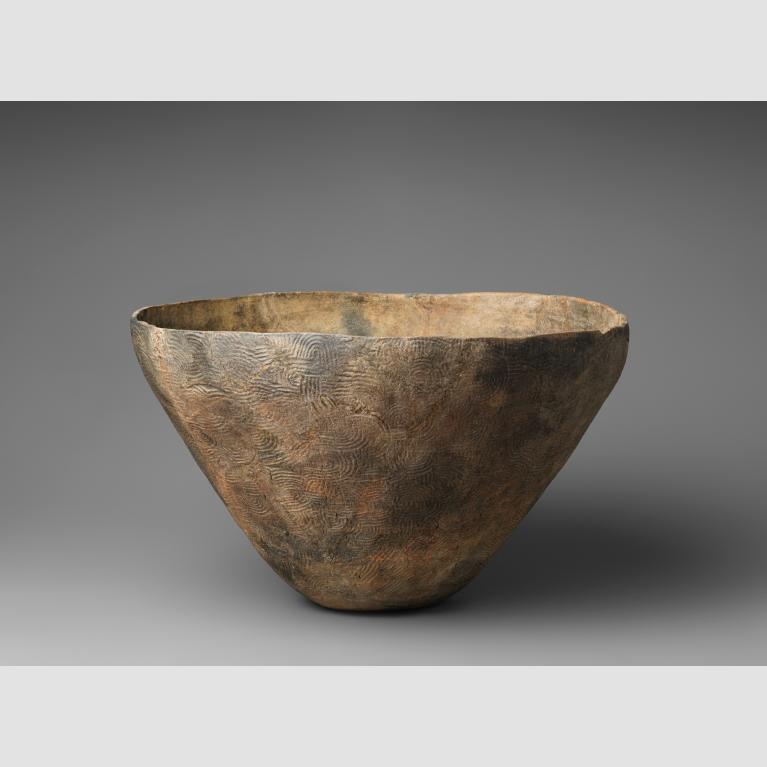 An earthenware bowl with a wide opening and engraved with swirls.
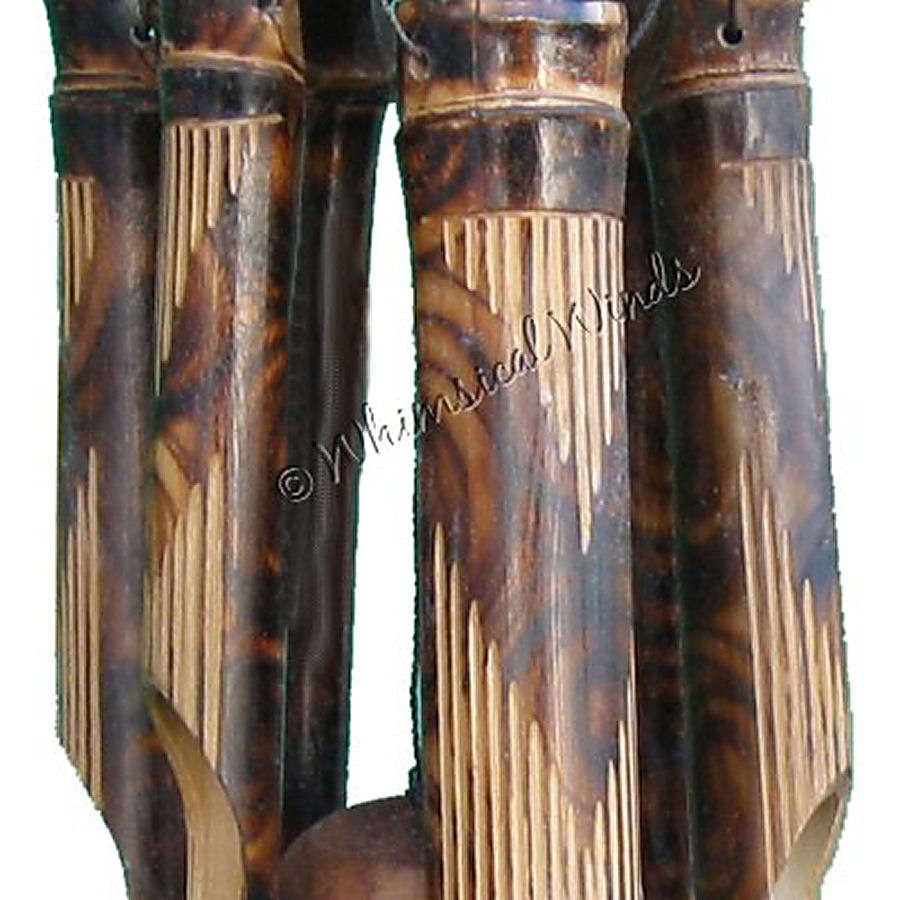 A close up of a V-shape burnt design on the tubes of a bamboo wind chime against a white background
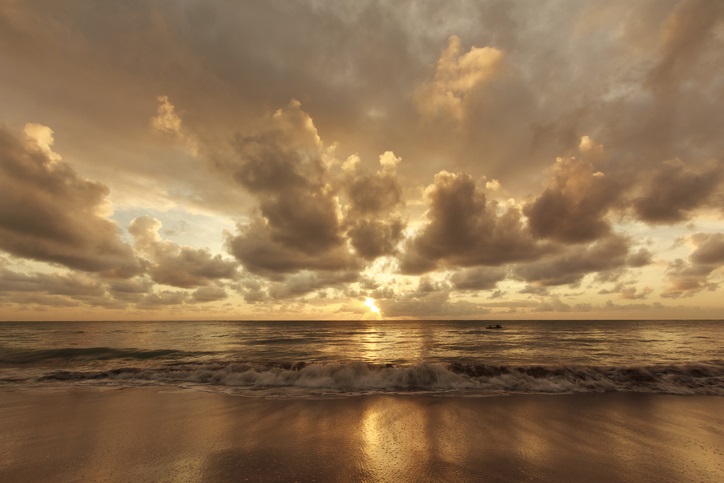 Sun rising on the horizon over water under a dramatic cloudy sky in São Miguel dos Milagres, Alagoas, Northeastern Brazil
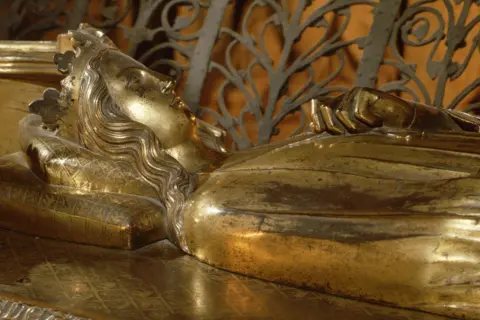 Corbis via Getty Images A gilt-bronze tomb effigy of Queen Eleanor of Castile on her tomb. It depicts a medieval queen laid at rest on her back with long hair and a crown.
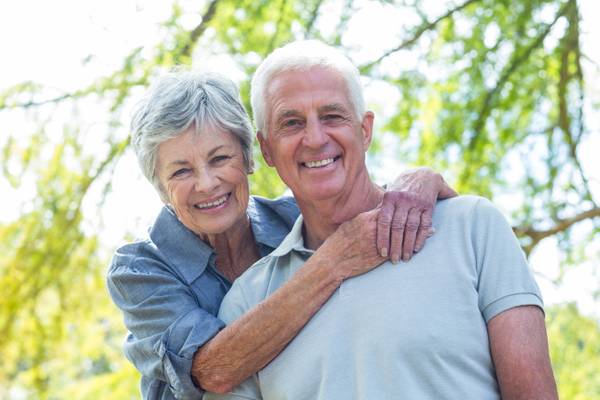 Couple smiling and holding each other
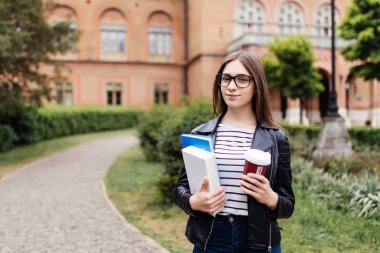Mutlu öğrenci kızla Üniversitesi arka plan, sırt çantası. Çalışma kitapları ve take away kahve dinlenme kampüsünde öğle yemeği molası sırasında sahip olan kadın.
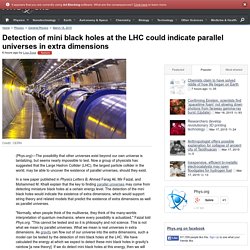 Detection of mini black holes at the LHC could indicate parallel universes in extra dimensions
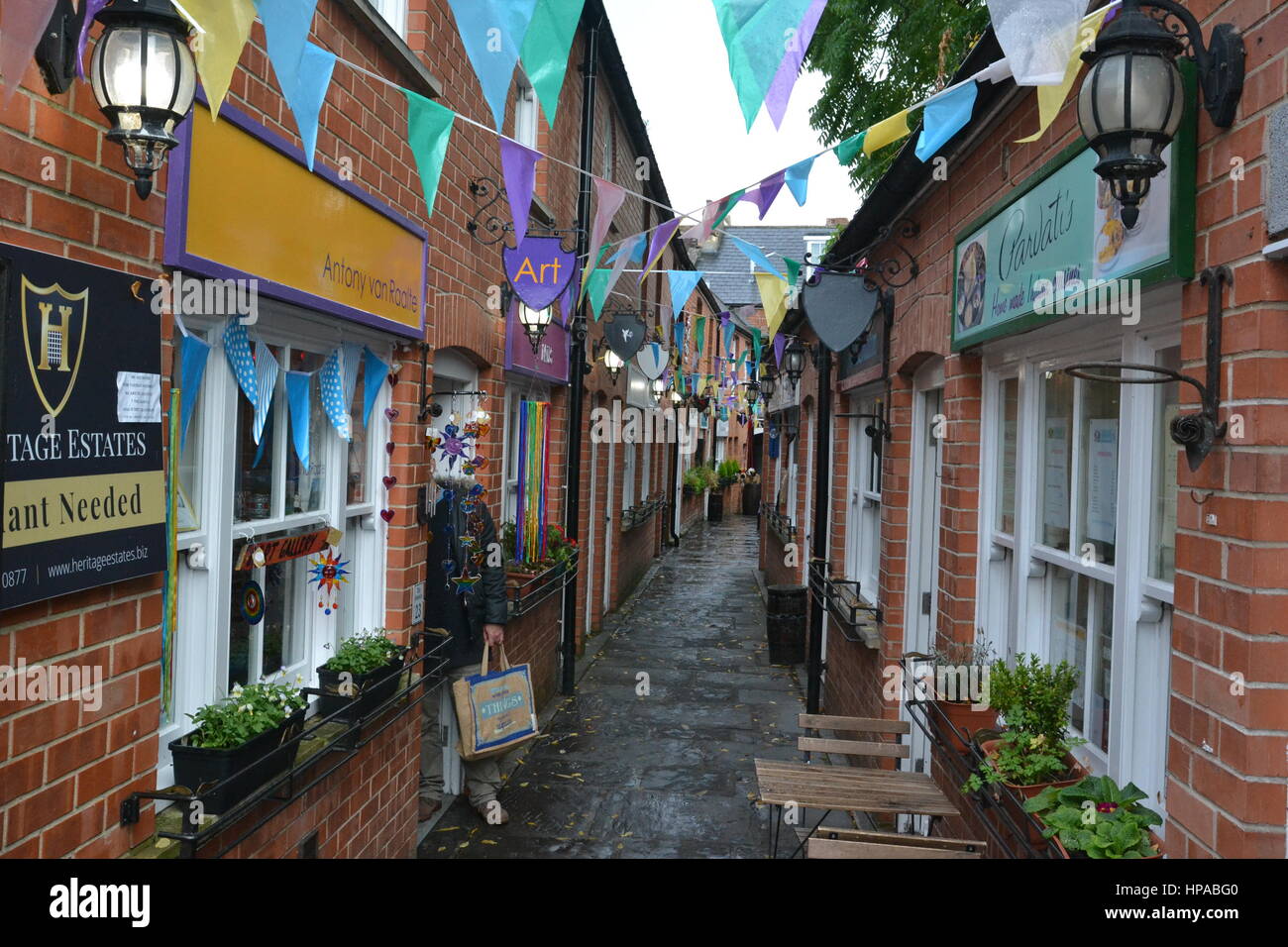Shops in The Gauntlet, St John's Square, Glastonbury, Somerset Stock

* * *

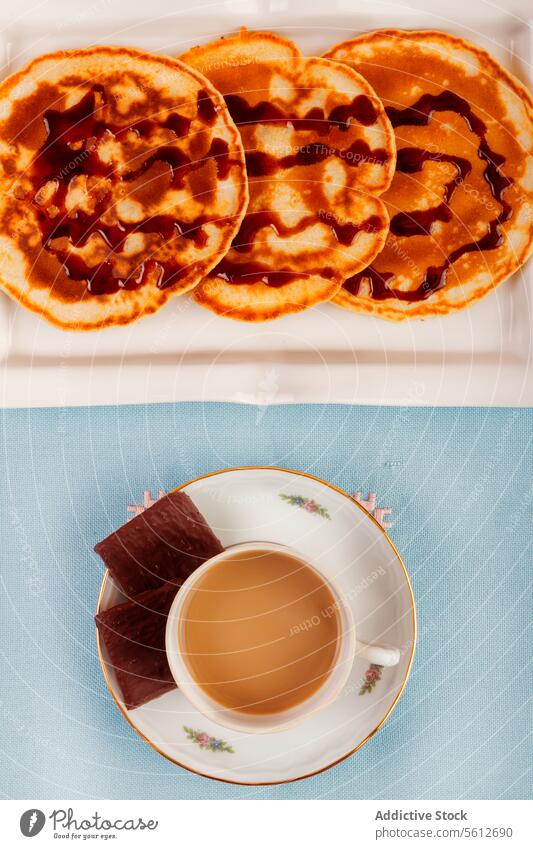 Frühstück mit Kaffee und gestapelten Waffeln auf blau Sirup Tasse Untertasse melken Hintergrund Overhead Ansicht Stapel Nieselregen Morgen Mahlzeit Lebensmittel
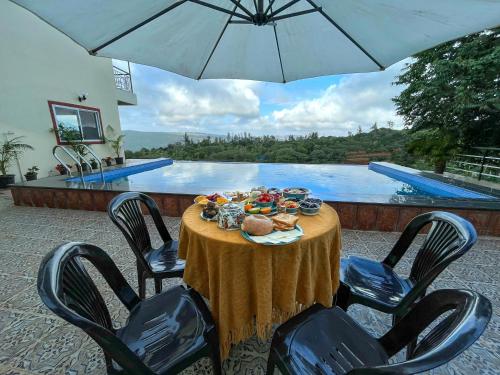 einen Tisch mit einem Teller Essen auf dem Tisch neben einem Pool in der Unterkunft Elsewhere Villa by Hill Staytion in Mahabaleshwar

• Exercise prompt: Write out the lines above from the one with "Frühstück mit Kaffee" through the one with "einen Tisch mit", ends included, exactly; no picture goes in.

• Response to the exercise:
 Frühstück mit Kaffee und gestapelten Waffeln auf blau Sirup Tasse Untertasse melken Hintergrund Overhead Ansicht Stapel Nieselregen Morgen Mahlzeit Lebensmittel
 einen Tisch mit einem Teller Essen auf dem Tisch neben einem Pool in der Unterkunft Elsewhere Villa by Hill Staytion in Mahabaleshwar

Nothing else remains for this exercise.